Designing from the business model
Marc pointed out that designing for a circular economy in the product field requires a fundamental shift: from thinking about the product, its function, and aesthetics to designing from the business model. That is, designing products that can respond and function within the new economic context.
By emphasizing a systemic perspective, design can prevent the issues we currently face with products designed for a linear economy. Marc explained that 80% of a product's impact is determined in the design phase.

Commitment from leadership
David shared the context in which Fluidra decided to deepen this innovation process within its ESG strategy. He emphasized as a fundamental aspect the direct and ongoing involvement of the company's top management, actively leading the change, along with the participation of multiple internal teams supported by external experts.

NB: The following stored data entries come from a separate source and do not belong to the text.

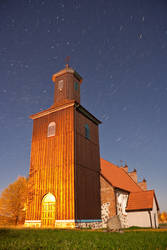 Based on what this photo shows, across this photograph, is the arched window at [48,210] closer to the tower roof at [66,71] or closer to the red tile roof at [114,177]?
the red tile roof at [114,177]

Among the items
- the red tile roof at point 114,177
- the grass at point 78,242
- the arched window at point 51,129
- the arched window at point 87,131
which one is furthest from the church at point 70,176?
the grass at point 78,242

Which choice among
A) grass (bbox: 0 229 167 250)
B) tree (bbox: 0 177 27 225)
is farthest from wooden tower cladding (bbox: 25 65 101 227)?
grass (bbox: 0 229 167 250)

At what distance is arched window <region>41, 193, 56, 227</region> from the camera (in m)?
18.0

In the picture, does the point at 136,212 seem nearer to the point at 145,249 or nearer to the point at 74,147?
the point at 74,147

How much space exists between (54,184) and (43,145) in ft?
14.7

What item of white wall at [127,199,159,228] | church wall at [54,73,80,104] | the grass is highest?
church wall at [54,73,80,104]

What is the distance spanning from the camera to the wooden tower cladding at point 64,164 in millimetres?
18000

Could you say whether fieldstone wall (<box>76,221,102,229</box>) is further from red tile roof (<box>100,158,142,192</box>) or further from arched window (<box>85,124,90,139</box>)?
arched window (<box>85,124,90,139</box>)

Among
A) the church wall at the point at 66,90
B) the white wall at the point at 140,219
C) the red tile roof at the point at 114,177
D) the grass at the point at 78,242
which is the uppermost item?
the church wall at the point at 66,90

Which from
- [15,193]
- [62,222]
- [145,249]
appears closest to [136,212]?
[62,222]

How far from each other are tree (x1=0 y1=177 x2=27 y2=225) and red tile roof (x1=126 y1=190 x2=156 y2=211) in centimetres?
1261

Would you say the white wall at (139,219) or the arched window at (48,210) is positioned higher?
the arched window at (48,210)

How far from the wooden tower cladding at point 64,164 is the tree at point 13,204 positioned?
2.40 metres

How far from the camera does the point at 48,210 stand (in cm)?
1844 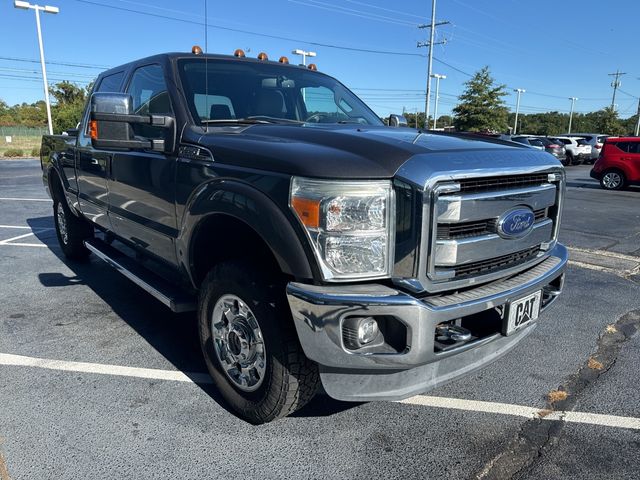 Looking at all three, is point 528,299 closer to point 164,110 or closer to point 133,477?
point 133,477

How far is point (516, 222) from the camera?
259cm

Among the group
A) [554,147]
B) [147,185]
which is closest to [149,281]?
[147,185]

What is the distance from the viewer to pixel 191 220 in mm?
2920

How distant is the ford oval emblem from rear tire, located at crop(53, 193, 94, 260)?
4.79 metres

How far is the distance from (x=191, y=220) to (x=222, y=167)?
1.46 feet

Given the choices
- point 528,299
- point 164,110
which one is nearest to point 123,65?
point 164,110

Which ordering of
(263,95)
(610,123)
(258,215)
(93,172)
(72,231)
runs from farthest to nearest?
(610,123) < (72,231) < (93,172) < (263,95) < (258,215)

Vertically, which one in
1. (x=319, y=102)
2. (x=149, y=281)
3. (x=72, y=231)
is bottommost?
(x=72, y=231)

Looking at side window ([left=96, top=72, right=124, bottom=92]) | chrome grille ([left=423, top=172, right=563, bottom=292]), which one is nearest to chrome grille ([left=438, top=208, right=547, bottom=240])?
chrome grille ([left=423, top=172, right=563, bottom=292])

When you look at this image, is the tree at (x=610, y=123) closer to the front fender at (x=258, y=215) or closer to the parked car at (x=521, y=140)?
the parked car at (x=521, y=140)

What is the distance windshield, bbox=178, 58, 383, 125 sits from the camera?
331 cm

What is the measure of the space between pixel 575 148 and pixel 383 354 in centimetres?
2874

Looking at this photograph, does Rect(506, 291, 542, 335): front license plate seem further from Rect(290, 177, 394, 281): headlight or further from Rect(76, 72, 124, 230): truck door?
Rect(76, 72, 124, 230): truck door

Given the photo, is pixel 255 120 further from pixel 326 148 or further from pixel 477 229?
Result: pixel 477 229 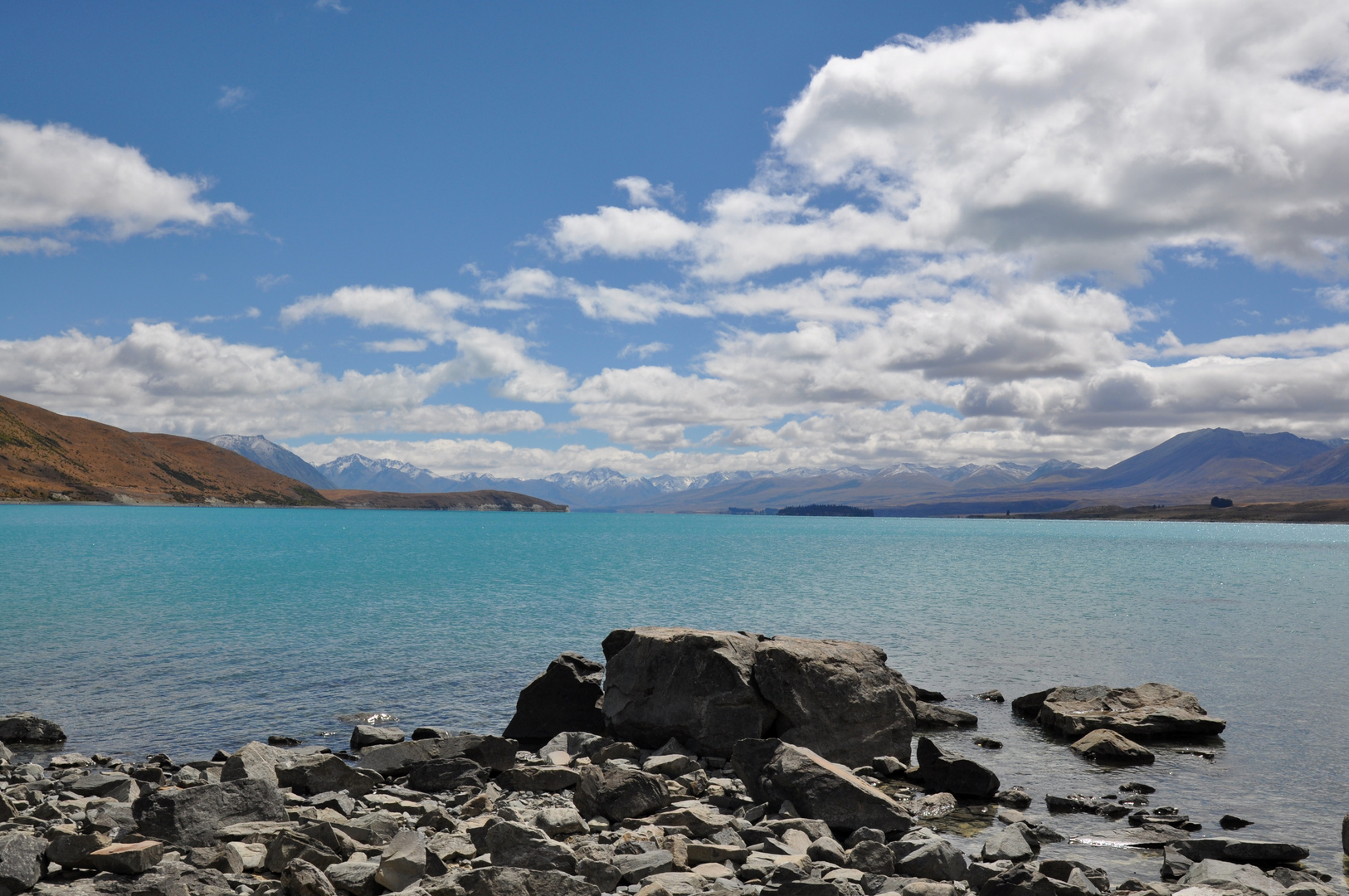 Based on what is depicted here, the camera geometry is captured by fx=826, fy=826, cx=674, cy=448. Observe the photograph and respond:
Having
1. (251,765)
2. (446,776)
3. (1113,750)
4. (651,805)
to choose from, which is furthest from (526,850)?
(1113,750)

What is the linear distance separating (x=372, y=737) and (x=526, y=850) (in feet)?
35.4

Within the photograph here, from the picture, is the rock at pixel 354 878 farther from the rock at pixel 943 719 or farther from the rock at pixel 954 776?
the rock at pixel 943 719

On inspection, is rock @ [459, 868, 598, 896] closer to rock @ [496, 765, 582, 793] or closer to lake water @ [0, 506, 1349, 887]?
rock @ [496, 765, 582, 793]

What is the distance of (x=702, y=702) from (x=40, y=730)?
18.0 meters

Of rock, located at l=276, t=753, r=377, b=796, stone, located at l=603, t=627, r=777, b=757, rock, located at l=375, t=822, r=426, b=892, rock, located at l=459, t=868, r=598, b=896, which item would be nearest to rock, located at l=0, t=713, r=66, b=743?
rock, located at l=276, t=753, r=377, b=796

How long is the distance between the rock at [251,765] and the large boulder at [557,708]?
8003 mm

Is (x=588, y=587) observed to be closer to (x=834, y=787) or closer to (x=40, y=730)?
(x=40, y=730)

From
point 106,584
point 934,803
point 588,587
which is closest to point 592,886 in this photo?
point 934,803

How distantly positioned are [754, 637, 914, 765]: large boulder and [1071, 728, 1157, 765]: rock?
5.32 meters

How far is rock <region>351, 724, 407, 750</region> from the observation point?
22078 millimetres

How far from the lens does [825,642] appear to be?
2311 cm

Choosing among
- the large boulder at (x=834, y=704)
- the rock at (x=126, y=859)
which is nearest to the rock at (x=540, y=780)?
the large boulder at (x=834, y=704)

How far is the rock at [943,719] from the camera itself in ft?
83.9

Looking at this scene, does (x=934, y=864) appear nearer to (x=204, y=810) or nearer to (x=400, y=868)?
(x=400, y=868) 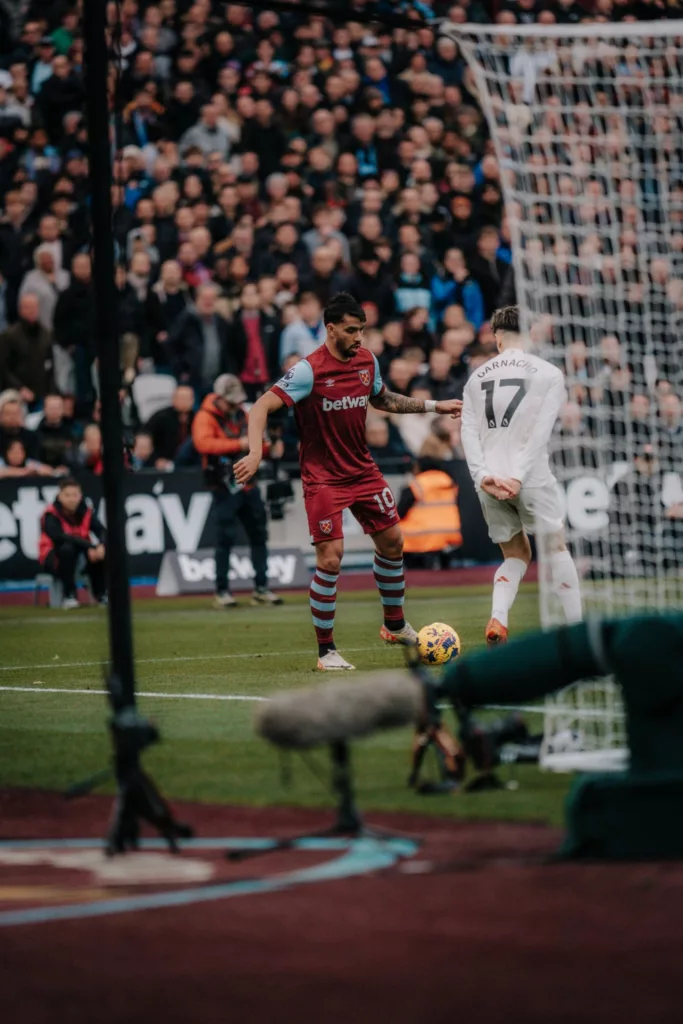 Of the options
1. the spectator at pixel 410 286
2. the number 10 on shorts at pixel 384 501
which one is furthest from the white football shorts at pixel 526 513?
the spectator at pixel 410 286

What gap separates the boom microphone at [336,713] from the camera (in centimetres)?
542

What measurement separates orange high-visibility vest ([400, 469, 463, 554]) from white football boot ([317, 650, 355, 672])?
932 centimetres

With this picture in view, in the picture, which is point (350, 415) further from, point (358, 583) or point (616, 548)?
point (358, 583)

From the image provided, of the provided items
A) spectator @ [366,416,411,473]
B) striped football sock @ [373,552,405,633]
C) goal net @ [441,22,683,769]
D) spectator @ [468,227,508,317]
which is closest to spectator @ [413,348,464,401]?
spectator @ [366,416,411,473]

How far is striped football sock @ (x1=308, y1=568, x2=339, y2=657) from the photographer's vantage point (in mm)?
11898

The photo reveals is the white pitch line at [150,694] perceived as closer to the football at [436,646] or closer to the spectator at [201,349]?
the football at [436,646]

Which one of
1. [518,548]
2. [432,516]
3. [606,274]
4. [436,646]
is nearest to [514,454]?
[518,548]

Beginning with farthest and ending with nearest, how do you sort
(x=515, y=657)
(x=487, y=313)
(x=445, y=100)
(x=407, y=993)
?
(x=445, y=100) < (x=487, y=313) < (x=515, y=657) < (x=407, y=993)

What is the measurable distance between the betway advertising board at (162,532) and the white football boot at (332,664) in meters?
8.90

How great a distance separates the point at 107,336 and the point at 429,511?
1528 cm

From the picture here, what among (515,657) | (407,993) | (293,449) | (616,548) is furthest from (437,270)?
(407,993)

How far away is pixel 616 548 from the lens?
1627cm

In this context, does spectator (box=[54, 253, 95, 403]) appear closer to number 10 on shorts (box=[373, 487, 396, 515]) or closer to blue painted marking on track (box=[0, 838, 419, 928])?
number 10 on shorts (box=[373, 487, 396, 515])

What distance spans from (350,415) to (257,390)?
30.3 feet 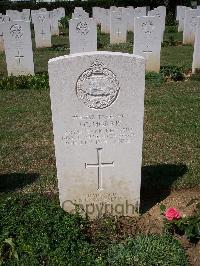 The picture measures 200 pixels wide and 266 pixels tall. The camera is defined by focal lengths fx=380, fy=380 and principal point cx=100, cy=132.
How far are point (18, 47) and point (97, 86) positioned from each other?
25.8 feet

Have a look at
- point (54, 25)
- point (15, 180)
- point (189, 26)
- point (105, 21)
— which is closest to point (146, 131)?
point (15, 180)

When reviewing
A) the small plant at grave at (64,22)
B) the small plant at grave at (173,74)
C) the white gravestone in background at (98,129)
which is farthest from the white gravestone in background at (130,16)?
the white gravestone in background at (98,129)

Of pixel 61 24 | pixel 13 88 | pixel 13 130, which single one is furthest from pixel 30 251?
pixel 61 24

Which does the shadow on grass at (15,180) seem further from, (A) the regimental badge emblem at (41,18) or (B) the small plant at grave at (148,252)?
(A) the regimental badge emblem at (41,18)

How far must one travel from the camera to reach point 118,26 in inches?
681

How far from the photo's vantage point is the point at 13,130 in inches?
291

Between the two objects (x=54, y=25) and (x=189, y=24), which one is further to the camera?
(x=54, y=25)

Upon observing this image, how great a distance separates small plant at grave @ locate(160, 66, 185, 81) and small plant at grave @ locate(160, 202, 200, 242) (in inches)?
275

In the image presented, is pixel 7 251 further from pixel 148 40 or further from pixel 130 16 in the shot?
pixel 130 16

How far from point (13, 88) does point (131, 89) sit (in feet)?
22.5

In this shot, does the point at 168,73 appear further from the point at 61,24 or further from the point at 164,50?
the point at 61,24

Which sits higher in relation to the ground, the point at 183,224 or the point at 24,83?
the point at 24,83

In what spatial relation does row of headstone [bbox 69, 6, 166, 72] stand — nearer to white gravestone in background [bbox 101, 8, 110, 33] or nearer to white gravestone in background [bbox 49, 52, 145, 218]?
white gravestone in background [bbox 49, 52, 145, 218]

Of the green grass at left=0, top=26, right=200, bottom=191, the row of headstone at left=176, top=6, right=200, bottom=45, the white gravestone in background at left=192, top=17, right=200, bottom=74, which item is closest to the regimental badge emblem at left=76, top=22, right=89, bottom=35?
the green grass at left=0, top=26, right=200, bottom=191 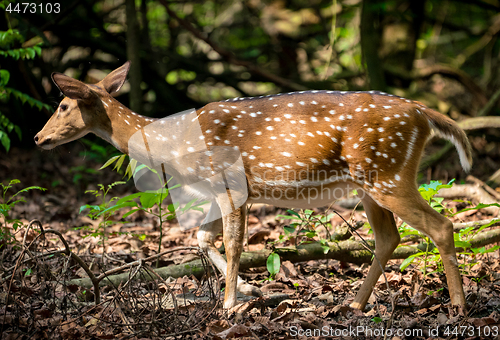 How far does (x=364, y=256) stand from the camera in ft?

"To innovate in the product, you have to believe in it and create the culture, support it from leadership, with structure and resources."
As key takeaways, he noted that when applying the Cradle to Cradle approach to product analysis, they discovered that they actually knew very little about both the material composition and the supply chain behind it. This also makes it difficult to reduce upstream impacts and manage traceability and information transparency.
David also explained that, within their company, they had to standardize and establish their own circularity criteria, breaking them down into real concepts associated with concrete values. In their case, they numerically defined how much longer their products had to last, the percentage of recycled material they should contain, their recyclability percentage, and how much more repairable they needed to be, among many other indicators.
"Each company has to define with real values what it means to be circular. For us, it worked very well to assign how much more repairable, recyclable, or durable our products needed to be," David stated.
Attendees had the opportunity to engage in dialogue with David, who generously shared his experience in detail. The large number of questions and the interest generated extended the initial discussion by half an hour beyond the scheduled time.

Circular Ventures Workshop
We then moved on to the hands-on session, where all the companies had the opportunity to take on the challenge of thinking disruptively to create circular joint ventures.